Шрифт:
В этот памятный вечер я была настолько перегружена нравственно большим количеством всевозможных впечатлений, что даже не пыталась понять, осмыслить то, что чужие люди дали мне так много разных игрушек и безделушек и где мне было бы лучше, в школе или у дяди, если бы я снова к нему вернулась. Но на следующий день утром, после того как я, хорошо выспавшись, встала и начала припоминать события прошедшего дня и вечера, снова и снова рассматривать полученные подарки, я впервые поняла, что в школе мне лучше, ибо здесь происходят хотя и не всегда понятные мне, тем не менее очень интересные события и явления, которые так или иначе развлекают меня и наполняют мою жизнь чем-то новым, отчего мои детские мысли и чувства как бы светлеют, расцветают, разрастаются.
Конечно, в то время я такими словами не могла определить и выразить то, что я чувствовала, высказать тот перелом, который медленно, как бы исподволь происходил в моем уме и сознании. Но ощущала я все это именно так, как пишу сейчас. И я очень хотела, чтобы это постепенное внутреннее просветление и разрастание продолжалось во мне все больше, все сильнее. И хотя абсолютно не понимала, отчего все это происходит, однако непреодолимо инстинктивно рвалась к чему-то и куда-то вперед, словно уже предчувствовала тот настоящий, перелом, который позднее действительно произошел в моем физическом существовании и в духовной жизни.
Продолжение понятного и непонятного
Но прежде чем приступить к описанию этого несомненного, подлинного перелома в моей жизни, я хочу коротко рассказать о сотнях, которые происходили при жизни матери и после ее смерти, а также о том, как я поняла исчезновение матери из жизни.
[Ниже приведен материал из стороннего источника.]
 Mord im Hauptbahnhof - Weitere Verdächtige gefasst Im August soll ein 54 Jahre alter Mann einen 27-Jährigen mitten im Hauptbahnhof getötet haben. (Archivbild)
Если отъезд дяди из школы слепых на некоторое время сильно огорчил меня, ибо я действительно осталась совершенно одна среди чужих, не имея в этом городе никого из родственников, то легко себе представить, как ужасно и беспомощно я чувствовала себя, оставшись без матери. Ведь со дня моего рождения мать бывала со мной, не оставляя меня даже на несколько дней, и вдруг ее не стало. Это большое горе даже для зрячего и слышащего ребенка, а что же можно было сказать обо мне?
В то время когда мать умерла, я уже понимала, что она не просто так спряталась от меня. Я помнила, что дедушка долго лежал больной, а потом недолго лежал на столе холодный и неподвижный. Помнила, что его положили в гроб и зарыли в землю. Конечно, как и все дети моего возраста, весьма плохо понимала, что значит умирать и почему нужно, чтобы люди умирали, если можно жить. Но я помнила, что быть живым, т.е. двигаться, смеяться, принимать пищу, носить одежду, летом греться на солнце, а зимой на печке, дышать воздухом и проч., — все это лучше, чем быть зарытым в землю и лежать в гробу неподвижно. Поэтому я в детстве начала бояться такого непонятного в жизни явления, т.е. смерти.
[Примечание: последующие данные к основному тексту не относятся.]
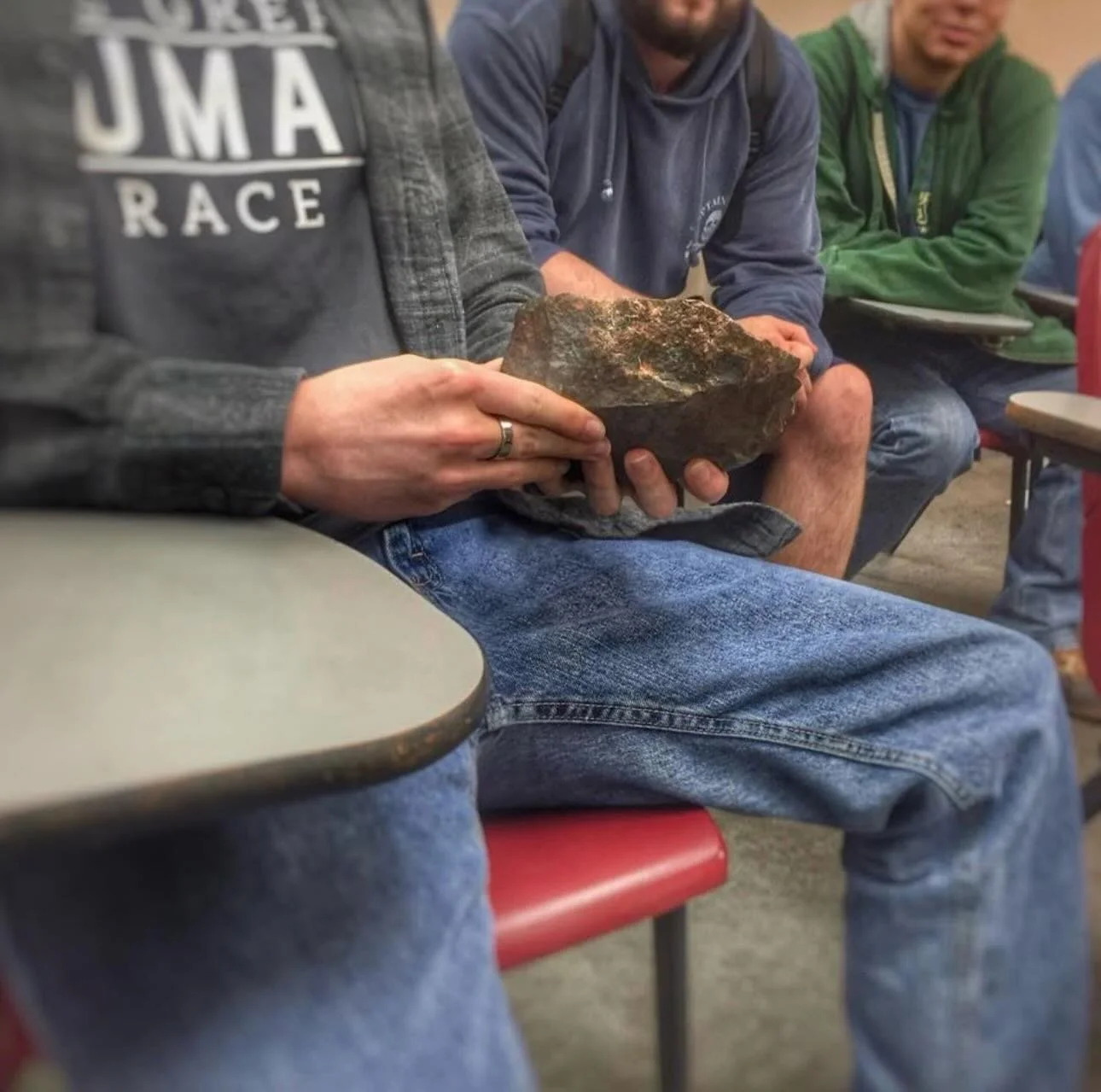 Ten years ago today, while teaching my Human Evolution class at Washington College I was able to bring my lesson to life with the Oldowan Chopper I made and used in episode 1 of The Great Human Race.... priceless! 

#eatlikeahuman #primitivetechnolog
Я знала, что земля бывает очень сырая, когда идут дожди, бывает очень твердой, когда промерзает зимой. И вот, сильно боясь смерти, я не верила, что покойники все время лежат в могиле неподвижно. Я думала, что дедушка в могиле как-то по своему живет. Наверное, что-нибудь делает, как-то двигается под землей, где-то греется и даже ест что-нибудь. В этом последнем предположении я, маленькая, абсолютно не сомневалась, тем более что весной не только мы с мамой, но и наши соседи ходили на кладбище. Мы носили в тарелке сладкую рисовую кашу с изюмом, яйца, куличи и прочую снедь; все это мы ставили на могилу дедушки, сами ели и других угощали. И я думала, что дедушка вместе с нами, но так, чтобы я его не нашла, ест. Ведь домой мы приносили пустую посуду, пустую корзинку. Я, не зная о том, что мать на кладбище устраивала поминки по дедушке и угощала всех проходивших мимо нас, думала, что дедушка, по-прежнему оставаясь невидимым, забирал провизию в могилу. Но все же, несмотря на такое понимание и представление «жизни» дедушки в могиле, я не хотела попасть в могилу.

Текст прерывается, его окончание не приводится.